# EXERCISE INSTRUCTIONS:
Below is a listing from which only part is wanted; return exactly the lines from the one with "Vila Silistea Snagovului" up to and including the one with "Balcescu - 5 Casa".

═════ SOURCE DATA

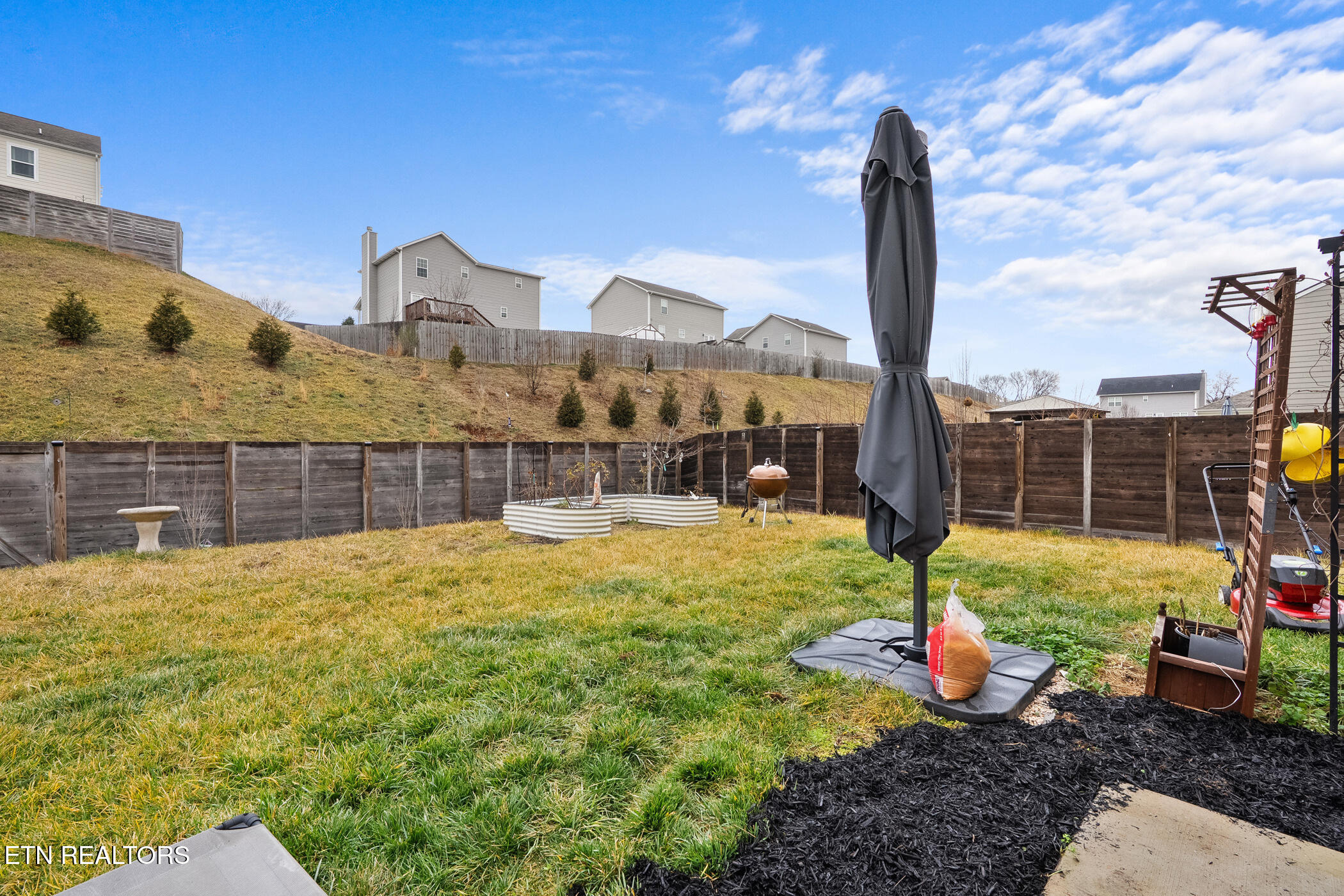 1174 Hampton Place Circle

══════════
═════ SOURCE DATA

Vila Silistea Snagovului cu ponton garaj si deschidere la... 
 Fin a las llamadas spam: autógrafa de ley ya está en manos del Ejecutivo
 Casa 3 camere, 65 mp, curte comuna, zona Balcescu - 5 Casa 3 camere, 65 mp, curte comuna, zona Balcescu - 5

══════════
═════ SOURCE DATA

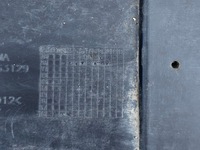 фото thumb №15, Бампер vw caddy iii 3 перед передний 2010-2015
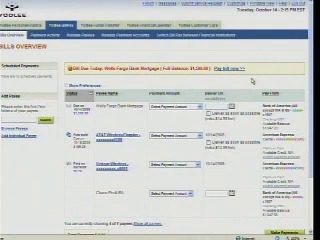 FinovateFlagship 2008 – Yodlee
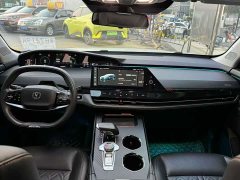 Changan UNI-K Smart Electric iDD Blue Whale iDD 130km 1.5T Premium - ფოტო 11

══════════

# ANSWER AREA:
Vila Silistea Snagovului cu ponton garaj si deschidere la... 
 Fin a las llamadas spam: autógrafa de ley ya está en manos del Ejecutivo
 Casa 3 camere, 65 mp, curte comuna, zona Balcescu - 5 Casa 3 camere, 65 mp, curte comuna, zona Balcescu - 5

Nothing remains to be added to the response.